Malaysia's converts test freedom of faith

Kuala Lumpur, Malaysia - Five days after she declared legally that she had converted from Islam to Christianity, several officers from Malaysia's state Islamic department turned up at the woman's office and arrested her.

She said they took her, then 21, to a drug rehabilitation center for men, where a Muslim teacher counseled her on her conversion and on one occasion, caned her back. After two months, she found an unlocked door out of the compound and escaped.

"What they did was wrong. They shouldn't decide our beliefs for us," said the woman -- who asked not to be named -- of her ordeal in 1999.

While Malaysia is one of the world's most modern and relaxed Muslim countries, its treatment of apostates, primarily those who have given up the Muslim faith, has ignited a heated debate.

Malaysia's Federal Court could rule in the next few days on whether Islamic courts -- which have authority over the country's Muslims, accounting for more than 60 percent of the population -- have the sole right to judge apostates.

The ruling comes amid calls for capital punishment for apostasy, and follows a spate of civil suits by Malaysians seeking official recognition of their decision to leave Islam.

Half of Malaysia's 26 million people are ethnic Malays, who by law must be Muslim, while its Chinese and Indian minorities include Muslims, Christians, Buddhists, Hindus and Sikhs.

Islamic law is selectively enforced by local officials in each of Malaysia's 13 federal states. Unmarried Muslim couples caught in hotel rooms can be charged, while believers seen eating in the daytime during the fasting month of Ramadan can be fined.

Kelantan state, run by an Islamist party, has separate-sex supermarket queues, but the national capital, Kuala Lumpur, is more relaxed with plenty of dance clubs where men and women mingle openly. Yet many say Malaysia's secular status is being eroded.

In December, Islamic authorities gave Malaysian mountain-climber M. Moorthy a Muslim burial against the wishes of his Hindu widow.

Officials said he had converted to Islam before his death, despite assertions to the contrary by most of his family.

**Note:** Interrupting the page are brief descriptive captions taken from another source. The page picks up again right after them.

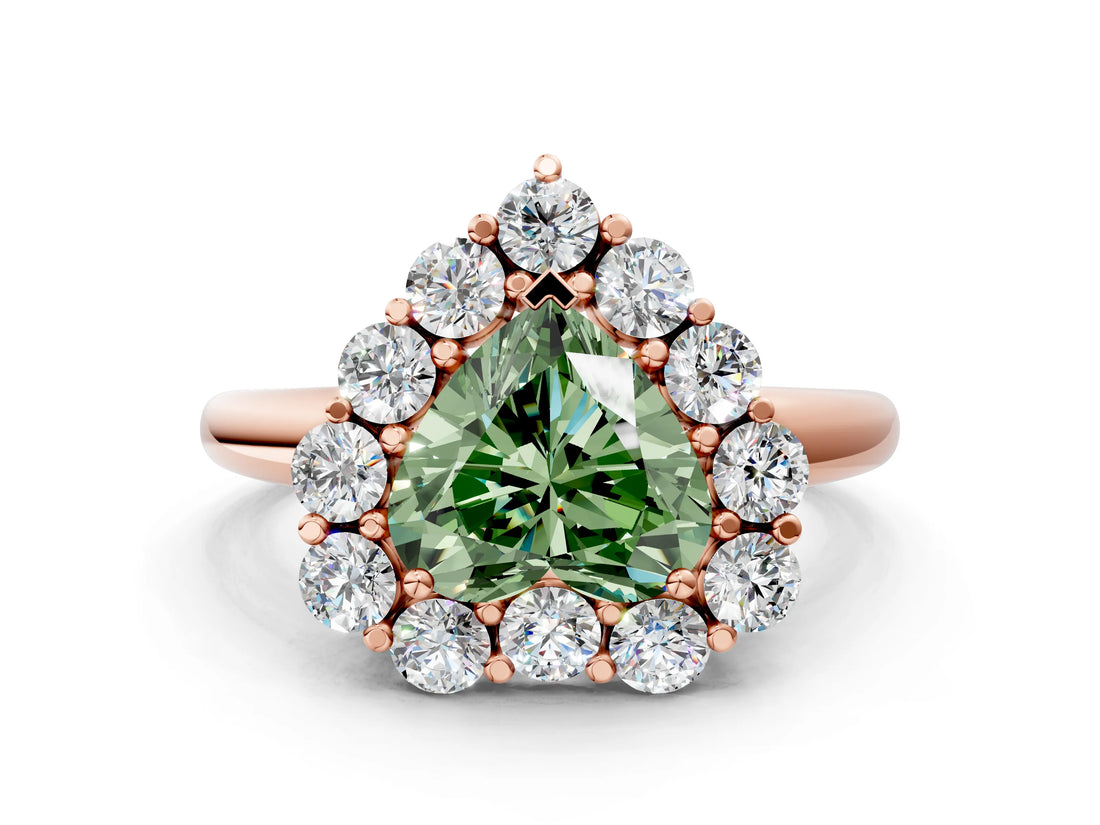Rose gold Fancy Green Heart  Halo Cluster Diamond Engagement Ring with Prong Setting and Polished Band_69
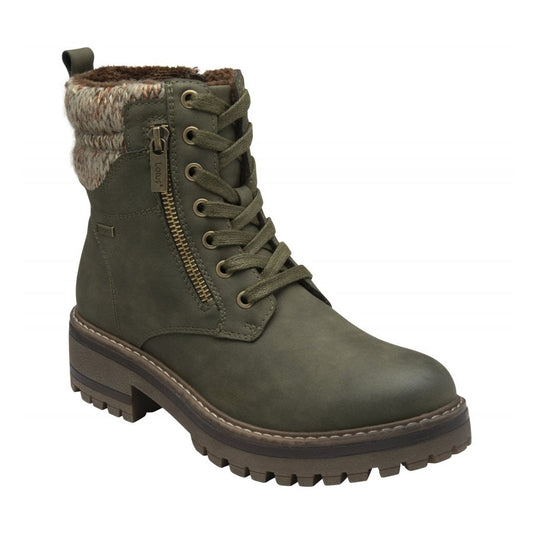 Lotus Stefani Khaki Waterproof Lace up Boots with Zip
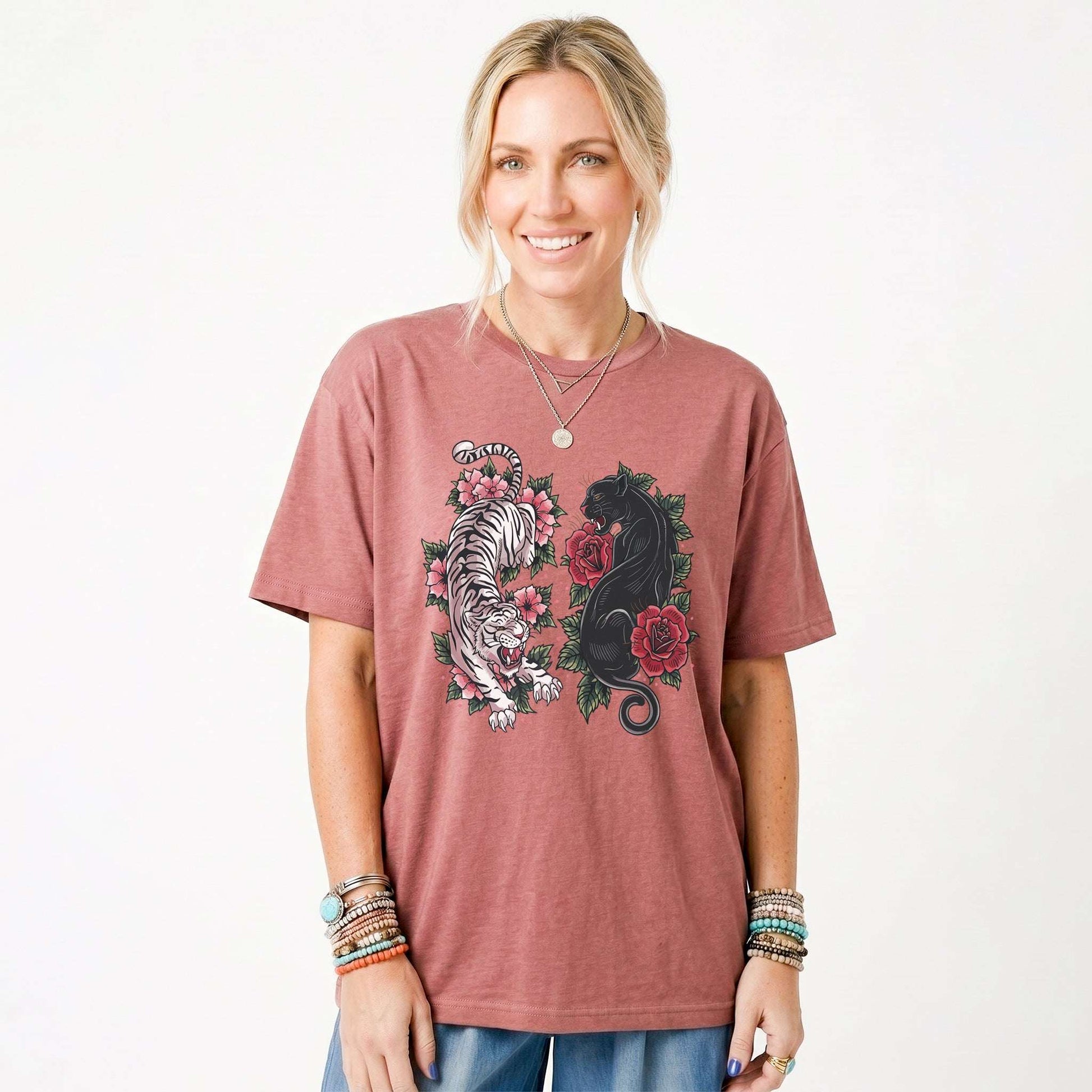 Boho Tiger Panther Floral Classic T-Shirt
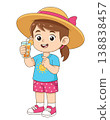 Adorable cartoon illustration of a little girl wearing summer clothes and drinking juice during a beach holiday. Isolated on clean background, ideal for travel promotions 138838457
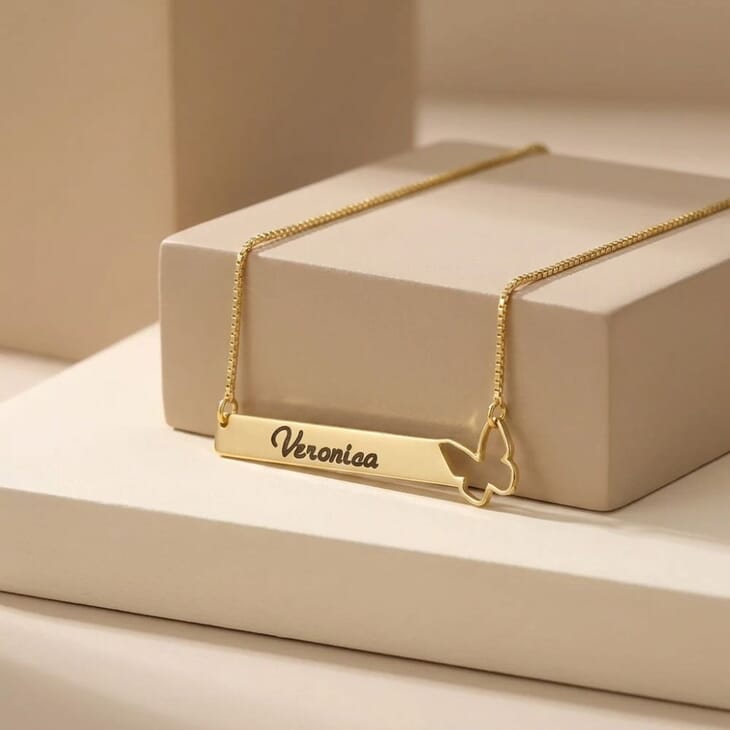 Engraved Bar Butterfly Necklace information - 2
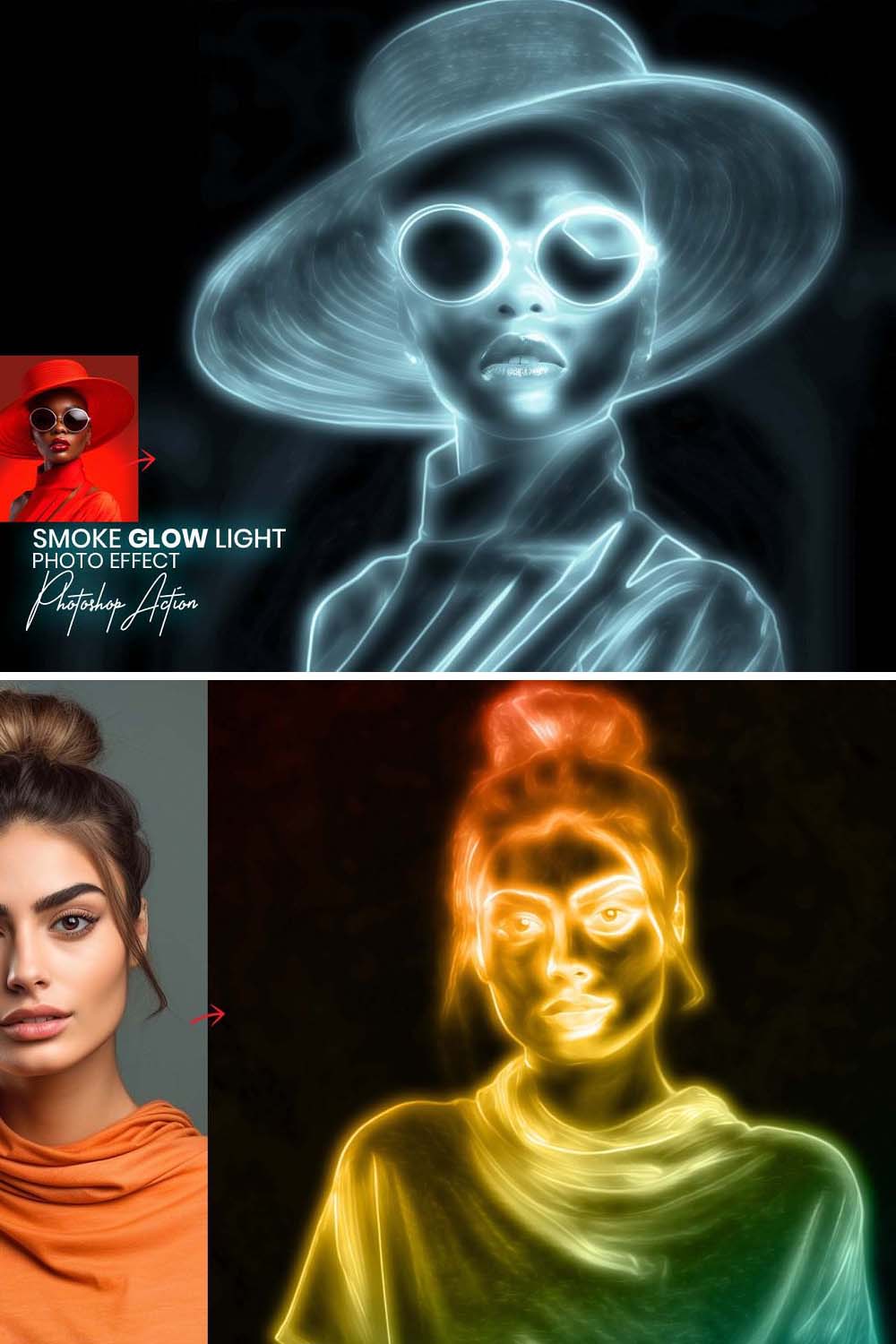 Smoke Glow Light Photoshop Action pinterest preview image.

"Apostasy is not a new phenomenon but the issue has come to the forefront because it underscores the growing Islamization of a country that was intended to be secular," civil activist Haris Mohamed Ibrahim told Reuters.

Officials also destroyed a commune last July, arresting members of the Sky Kingdom cult which preached a synthesis of all religions and had a giant two-story teapot on its premises. The government said the cult practiced a "deviant" form of Islam.

BIG SIN

Malaysia's civil courts have said they cannot recognize conversions from Islam and refer apostates to the Islamic courts, where sentences for various offenses range from caning to jail.

Although such sentences are rarely carried out on apostates, Malaysians who leave Islam can find themselves in a legal limbo, unable to register their new religious affiliation or to marry non-Muslims. Many keep quiet about their choice or move abroad.

Rights activists say such barriers to conversion are at odds with Malaysia's status as a member of the United Nations Human Rights Council and violate the nation's constitutional guarantee of freedom of worship.

Neighboring Indonesia, which has the world's biggest Muslim population, has no official sanctions against such converts and recognizes civil marriages between Muslims and non-Muslims.

"Unfortunately, some people have fixed ideas about Islam and see apostasy as a challenge to the religion," said Norhayati Kaprawi of the Muslim women's group Sisters in Islam.

Some groups, including the opposition party Parti Islam se-Malaysia (PAS), want apostasy to be punishable by death. One government cleric said about 250,000 Malaysians had left Islam.

The Koran forbids Muslims to abandon their faith, but it doesn't specify the penalties, said Sohirin Solihin, professor of Koranic studies at Malaysia's International Islamic University.

But traditional writings, or Hadith, associated with the Prophet Mohammad proscribe death.

"The Koran is clear that there is no compulsion of religion but the issue of religious freedom is different for Muslims and non-Muslims. The Muslim understanding of this is different from the Western one," he said.

Earlier this year, the case of an Afghan man who faced the death penalty after he converted to Christianity sparked an international outcry. He was later granted asylum in Italy.

While efforts to make apostasy a crime punishable by death in Malaysia are unlikely to succeed given the government's multiethnic coalition of Malay, Chinese and Indian parties, many fear that obstacles to religious conversion will stay in place.

The minister in the Prime Minister's Department for religious affairs, Abdullah Md Zin, declined to comment. His spokesman referred questions to the government's Department of Islamic Development where officials declined comment.

But the department's Web site recommends isolating and counseling apostates and then jailing them if they fail to repent.

"If the person remains an apostate, it is left to the respective authorities to impose the fitting sentence that is death," the department said in its Malay-language "Frequently Asked Questions" section.